Max Planck Enstitüsü’nden bilim insanları, ilk kez düşük kütleli bir yıldız içeren mikrokuasarların da parçacık hızlandırdığını ortaya koydu.

Uzaydan Dünya’ya sürekli olarak parçacıklar yağıyor. Çoğu insan gökyüzünde ışık huzmeleri oluşturan meteorları yani “kayan yıldızları” görmüş olabilir. Ancak bilim insanlarının evrenin doğasını anlamasına yardımcı olan en önemli unsurlar, çıplak gözle görülmeyen, oldukça küçük ve hızlı hareket eden parçacıklar. Elektronlar ve protonlar gibi yüklü atom altı parçacıklar, evrende bilinen en hızlı parçacıklar arasında yer alıyor ve “kozmik ışınlar” olarak adlandırılıyor.  

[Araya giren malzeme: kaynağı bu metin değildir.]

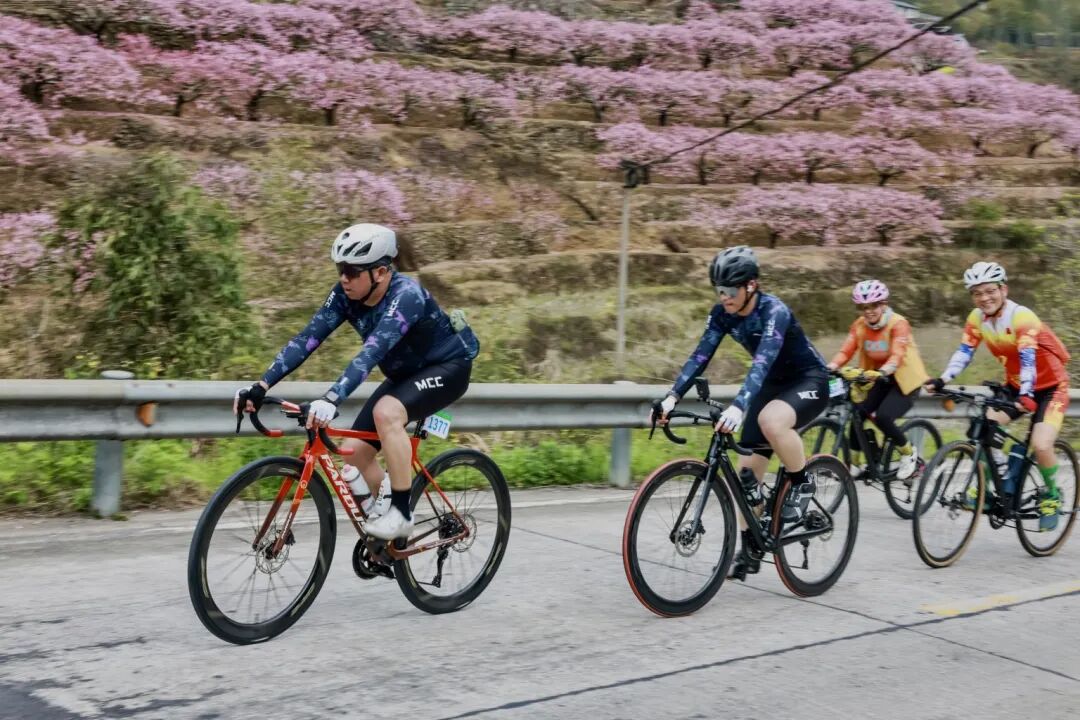 微信图片_20260322161517_151_207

Bu kozmik ışınların tam olarak nereden geldiği ve nasıl bu kadar yüksek enerjilere ulaştığı, astrofizik dünyasının en büyük gizemlerinden biri olmaya devam ediyor. Bilim insanları, kara deliklerin çevresinden dışarı fırlayan yüksek hızlı madde akışlarının (jetlerin), bu parçacıkların hızlandırılması için ideal ortamlar olabileceğini düşünüyor. Ancak bu süreçlerin nasıl gerçekleştiği ve hangi koşullarda ortaya çıktığı tam olarak bilinmiyor.  

Samanyolu Galaksisi içinde en güçlü jetler, mikrokuasar adı verilen sistemlerde bulunuyor. Mikrokuasarlar, bir yıldız ve bir kara delikten oluşan çift yıldız sistemleri olarak biliniyor. Bu sistemlerde kara delik, yörüngesinde dolanan yıldızdan madde çekmeye başlıyor. Bu süreçte, kara deliğin yakınlarından ışık hızına yakın hızlarda fırlatılan jetler oluşuyor.  

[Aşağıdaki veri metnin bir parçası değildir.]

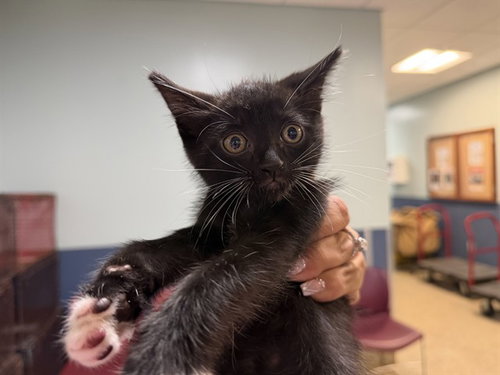 ZIPPY, a cat for adoption from Miami Dade Animal Services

Son yıllarda, mikrokuasarların da etkili parçacık hızlandırıcılar olduğu yönünde kanıtlar artmaya başladı. Ancak bu sistemlerin tamamının mı yoksa yalnızca bazı güçlü örneklerinin mi parçacık hızlandırabildiği sorusu net değildi.   

Mikrokuasarlar, içerdikleri yıldızların kütlesine göre “düşük kütleli” ve “yüksek kütleli” sistemler olarak ikiye ayrılıyor. Yüksek kütleli mikrokuasarların güçlü gama ışınları yaydığı biliniyor. Örneğin, SS 433 adlı mikrokuasar, galaksimizdeki en güçlü parçacık hızlandırıcılarından biri olarak kabul ediliyor ve içindeki yıldız, Güneş’ten yaklaşık on kat daha büyük bir kütleye sahip. Bu nedenle, bilim insanları uzun süredir düşük kütleli mikrokuasarların yeterince güçlü olmadığı için gama ışınları üretemeyeceğini düşünüyordu.  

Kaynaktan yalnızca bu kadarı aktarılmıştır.